(Exercise data Opens)
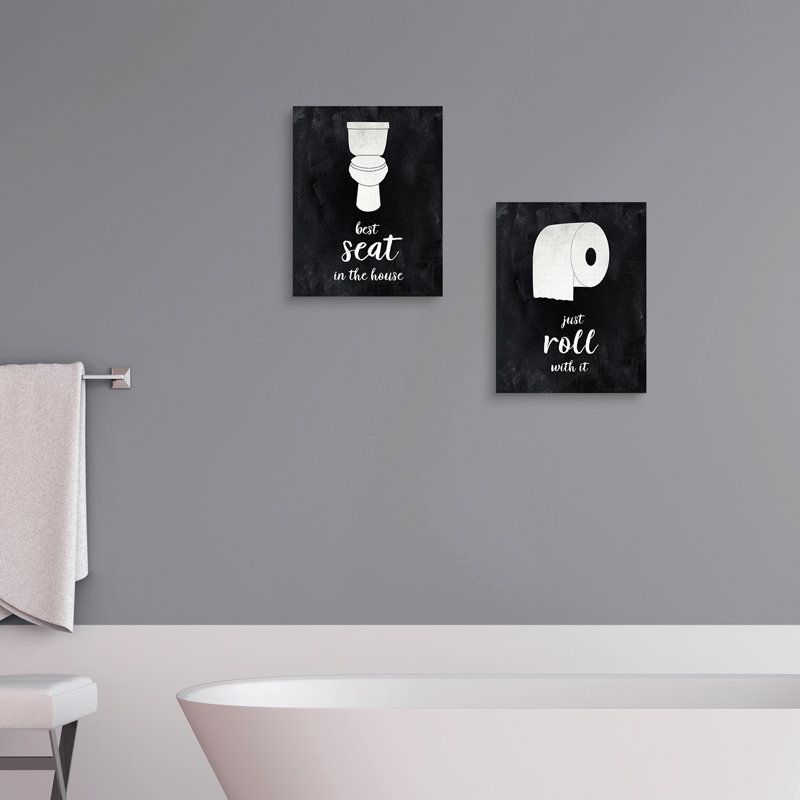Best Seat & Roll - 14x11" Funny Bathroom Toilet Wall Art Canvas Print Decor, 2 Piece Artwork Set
(Exercise data Closes)
(Exercise data Opens)
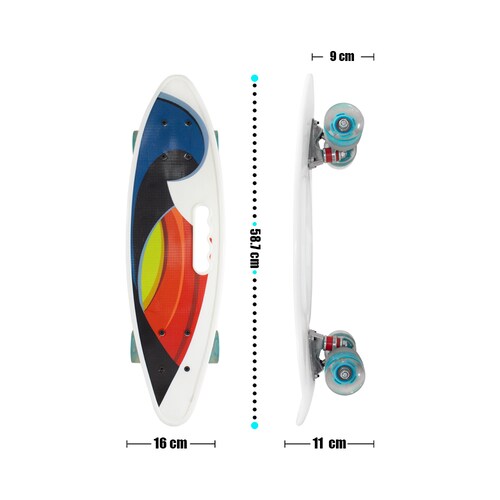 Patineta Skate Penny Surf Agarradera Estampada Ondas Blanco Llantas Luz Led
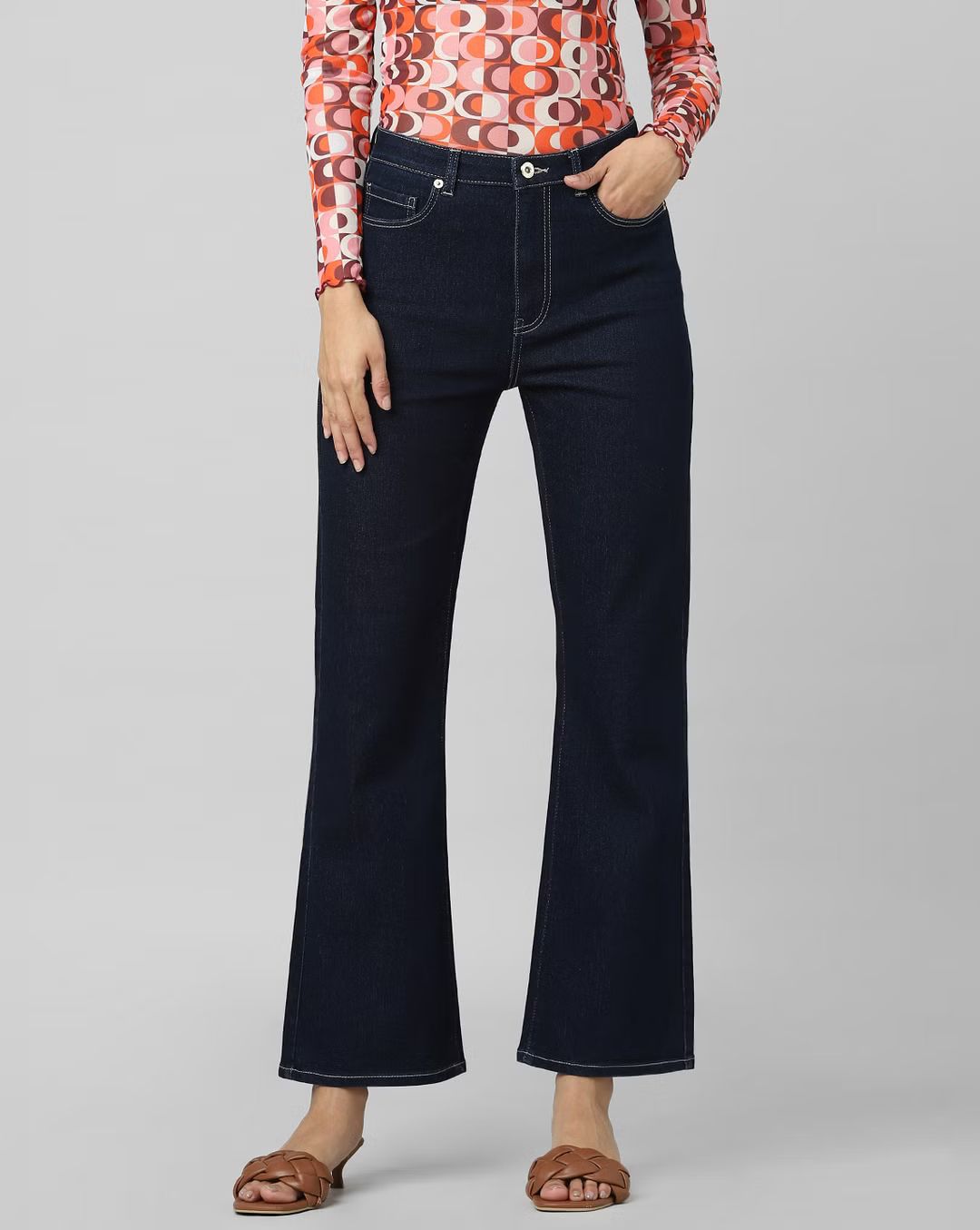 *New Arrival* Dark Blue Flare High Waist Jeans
(Exercise data Closes)
● **What the task requires**: When you reach the line containing "Patineta Skate Penny" in the entries above, begin restating word for word, and stop once the line containing "High Waist Jeans" has been given. Omit the pictures.

● **Solution to this task**:
 Patineta Skate Penny Surf Agarradera Estampada Ondas Blanco Llantas Luz Led
 *New Arrival* Dark Blue Flare High Waist Jeans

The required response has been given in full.